"Fiction de l'absence", de Mallarmé-Melkonian, éditions d'écarts
10/10/2016
Gérard Malkassian nous parle aujourd'hui d'un livre pas comme les autres, avec pour auteurs : Mallarmé-Melkonian :
"Martin Melkonian présente un texte de Stéphane Mallarmé, paru à titre posthume en 1961, soixante-trois ans après sa mort : Pour un tombeau d'Anatole (introduction et notes de Jean-Pierre Richard, Seuil, 1961).
Le 8 octobre 1879, Anatole Mallarmé mourait des suites d'une maladie respiratoire, à l'âge de huit ans. Son père, Stéphane, témoin convulsé de sa maladie et de son affaiblissement inéluctable, tente de construire un monument littéraire au "petit fantôme" (p.48). Il ne s'agit plus, comme le Victor Hugo du livre IV des Contemplations, de fournir, dans une confrontation avec Dieu, un sens absolu à la perte insoutenable de l'enfant chérie (Léopoldine), mais de convertir le corps matériel désormais enseveli en un être spirituel, par la force de l'imagination poétique.
Fiction de l'absence (p.53) désigne à la fois le refus d'admettre une mort scandaleuse et sa transfiguration dans un récit rédempteur où se nouerait une alliance secrète entre le père et l'enfant défunt, un "hymen" (p.25), une "transfusion" (p.36), dont la mère serait écartée. Le projet, toutefois, tourne court. La parole bienfaisante se heurte à la nudité de "la chambre vide" (p.24 et 48). Mallarmé laisse une suite de fragments discontinus, de "mots-sanglots", écrit Melkonian, d'une voix haletante qui est envahie par la peine et le néant d'un deuil qui ne peut être accepté autrement que par l'épreuve de la vie.
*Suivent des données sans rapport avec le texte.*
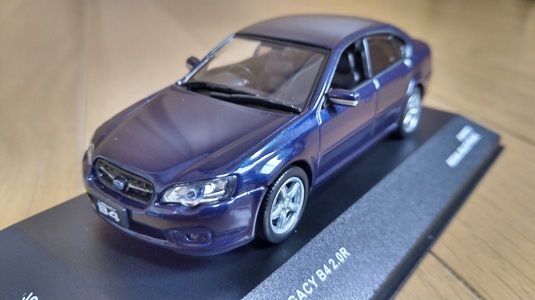 驚きの破格値，送料無料 京商 SUBARU LEGACY B4 2.0R 2005 スバル レガシィ リーガルブルーパール 青 1/43 絶版 レア(乗用車)｜売買されたオークション情報、yahooの商品情報をアーカイブ公開 - オークファン 乗用車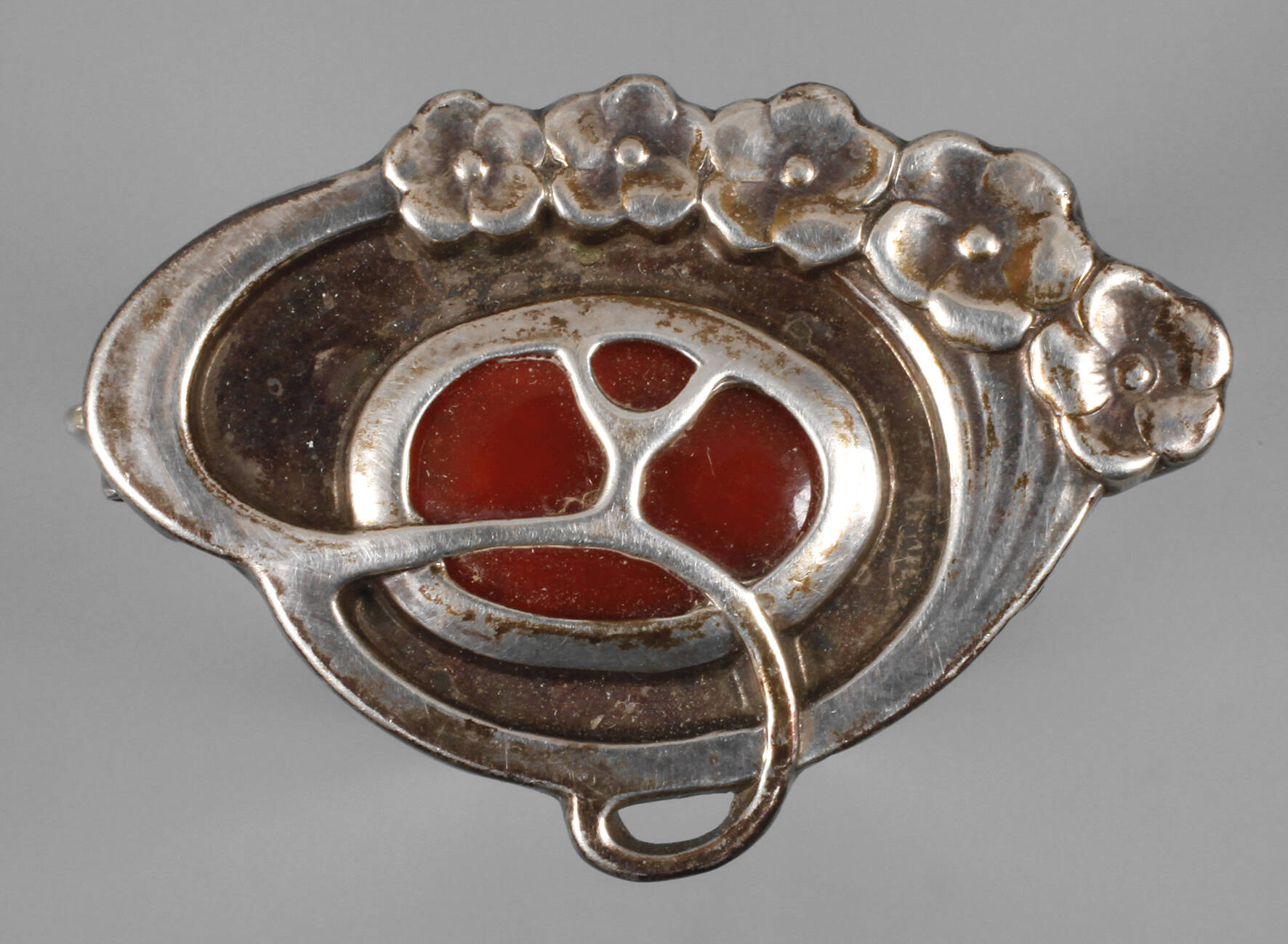 Jugendstilbrosche mit Karneol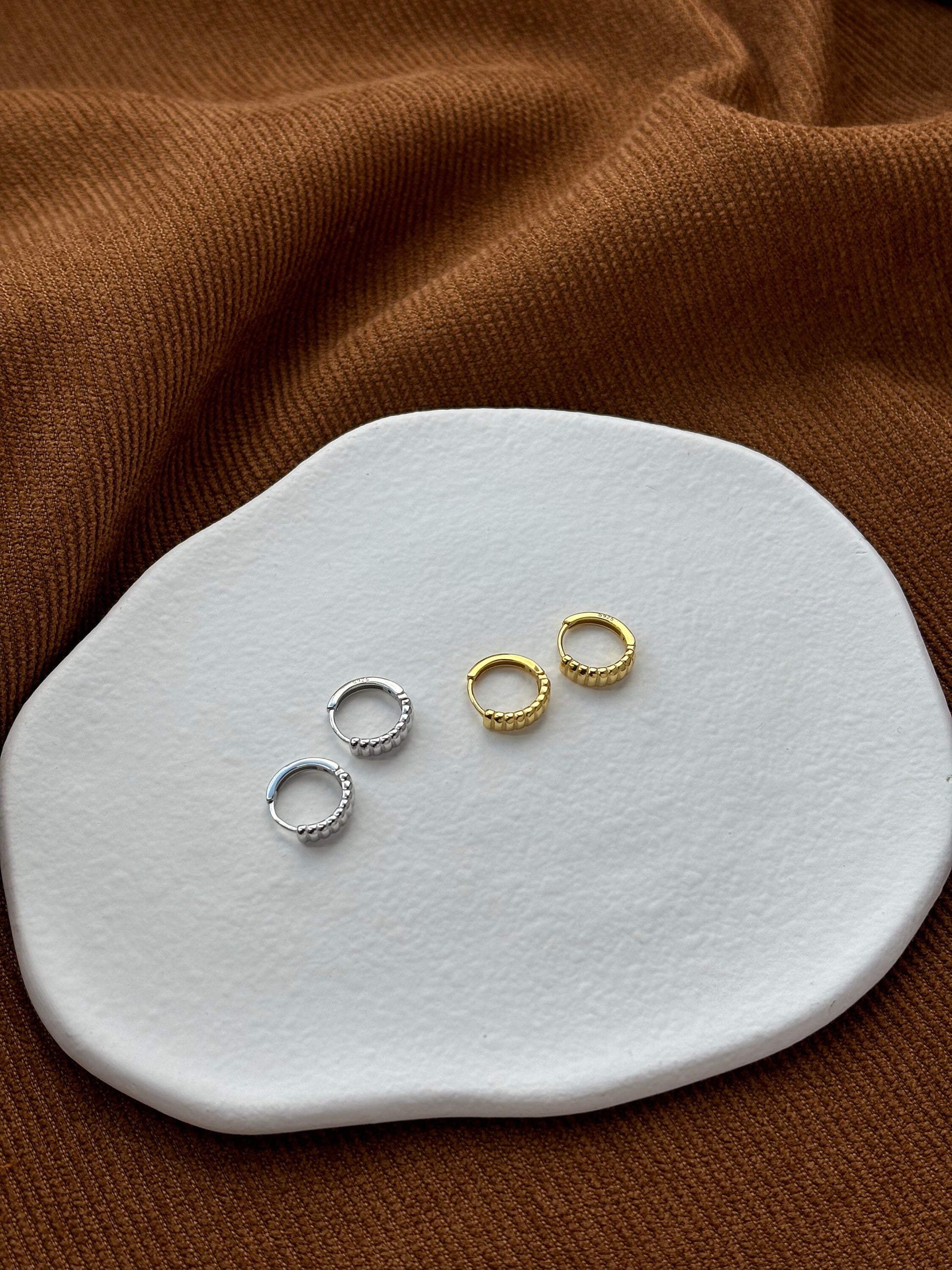 Dainty Ridge Huggie, Golden Ribbed Hoop Earrings, Silver Minimalist Daily Basic Jewelry, 14K Gold Plated 925 Sterling Silver Jewellery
Il nous invite cependant à observer comment le poète explore une "nouveauté lyrique" (p.12) radicale, en rupture avec sa quête intérieure. Mallarmé était obsédé par l'idéal du Livre recréant le monde par la seule force d'évocation des mots, établie sur la "transdestruction" (p.53) (destruction transformatrice) des choses matérielles en signes spirituels.
Il aura fallu l'expérience terrible de la perte d'un être cher pour qu'il réalise l'inanité de son projet. Martin Melkonian, en proposant une mise en page rénovée et allégée par rapport à la version manuscrite originale revisite donc ce livre posthume de Stéphane Mallarmé. Une réussite.